[[ Input records, beginning ]]

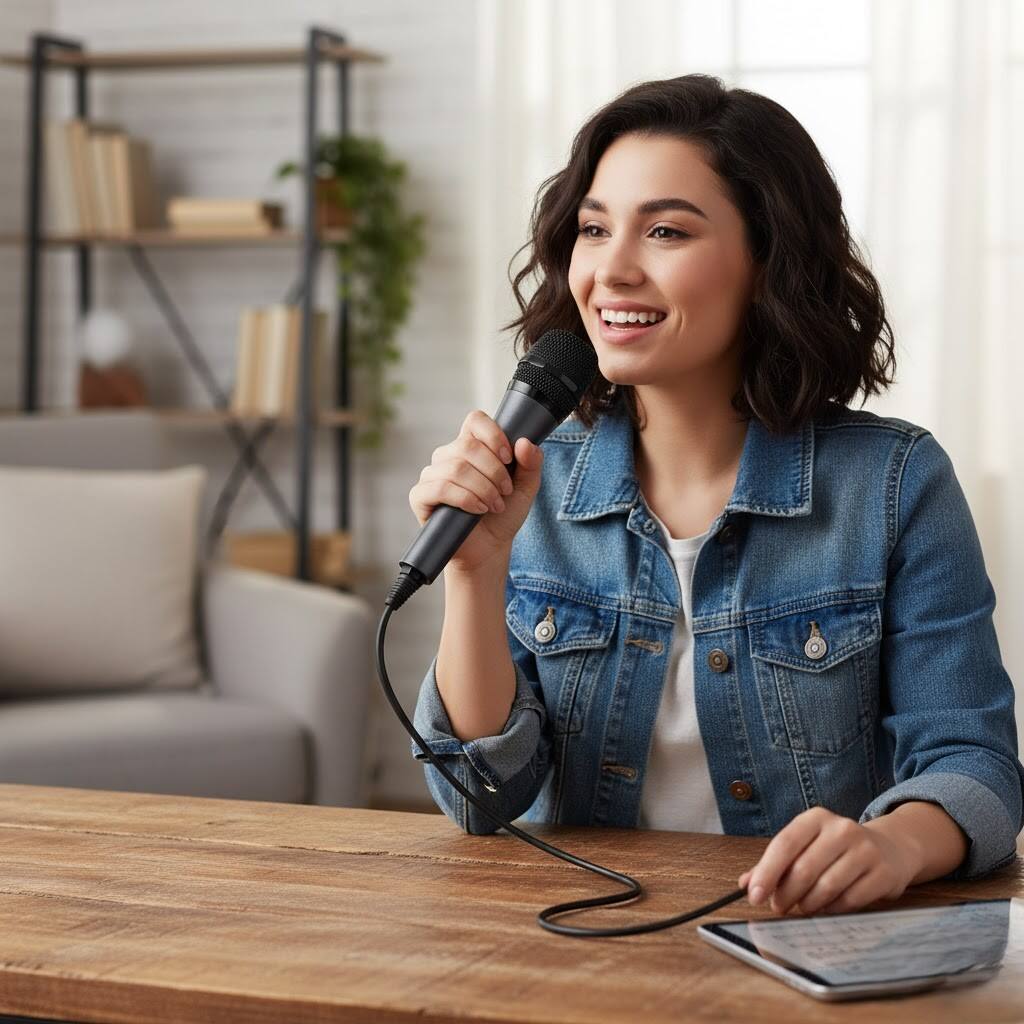 Alt View 1. Karaoke USA - KARAOKE USA M187 PROFESSIONAL DYNAMIC MICROPHONE WITH CORD.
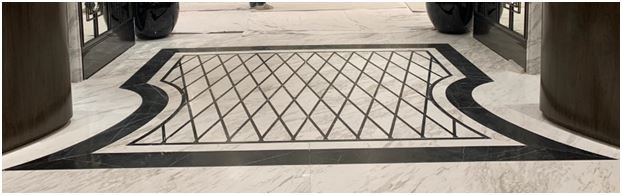 Picture 11 - Marble Parquet Floor With Black Marble Border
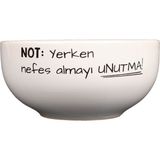 Attach Yerken Nefes Almayı Unutma Tasarım Kase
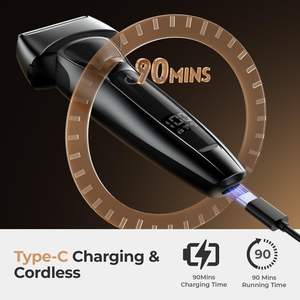 Afeitadora Eléctrica Portátil Recargable para Hombre, Uso en Seco/Húmedo, Resistente al Agua, Pantalla LED, Carga Rápida, para Afeitado Preciso de Cara y Cuerpo - Product Image 5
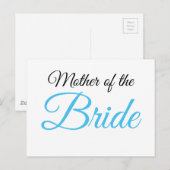 Mother of Bride Script Blue ポストカード (正面/裏面)
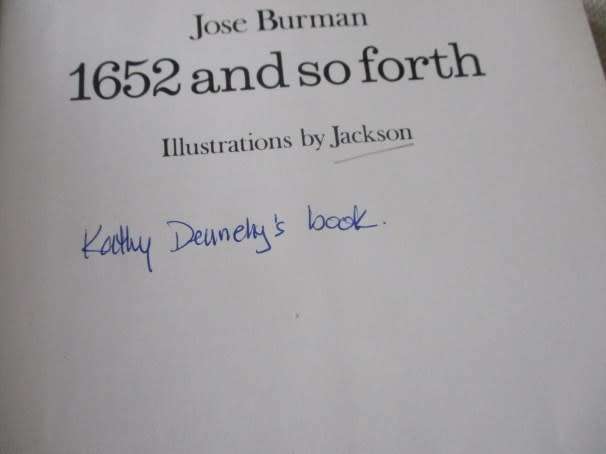 1652 AND SO FORTH -  JOSE BURMAN
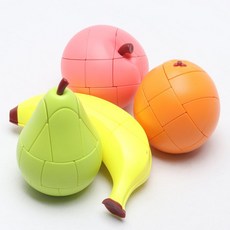 큐브 퍼즐 과일 모양 배 사과 특이한 두뇌발달 창의력 리코 마카타, 복숭아 루빅스 큐브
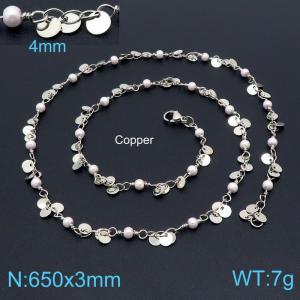 Copper Necklace - KN198891-Z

[[ Input records, end ]]

Problem description>
The records above, copied word for word without the pictures, are what should be output.

Written answer>
 Alt View 1. Karaoke USA - KARAOKE USA M187 PROFESSIONAL DYNAMIC MICROPHONE WITH CORD.
 Picture 11 - Marble Parquet Floor With Black Marble Border
 Attach Yerken Nefes Almayı Unutma Tasarım Kase
 Afeitadora Eléctrica Portátil Recargable para Hombre, Uso en Seco/Húmedo, Resistente al Agua, Pantalla LED, Carga Rápida, para Afeitado Preciso de Cara y Cuerpo - Product Image 5
 Mother of Bride Script Blue ポストカード (正面/裏面)
 1652 AND SO FORTH -  JOSE BURMAN
 큐브 퍼즐 과일 모양 배 사과 특이한 두뇌발달 창의력 리코 마카타, 복숭아 루빅스 큐브
 Copper Necklace - KN198891-Z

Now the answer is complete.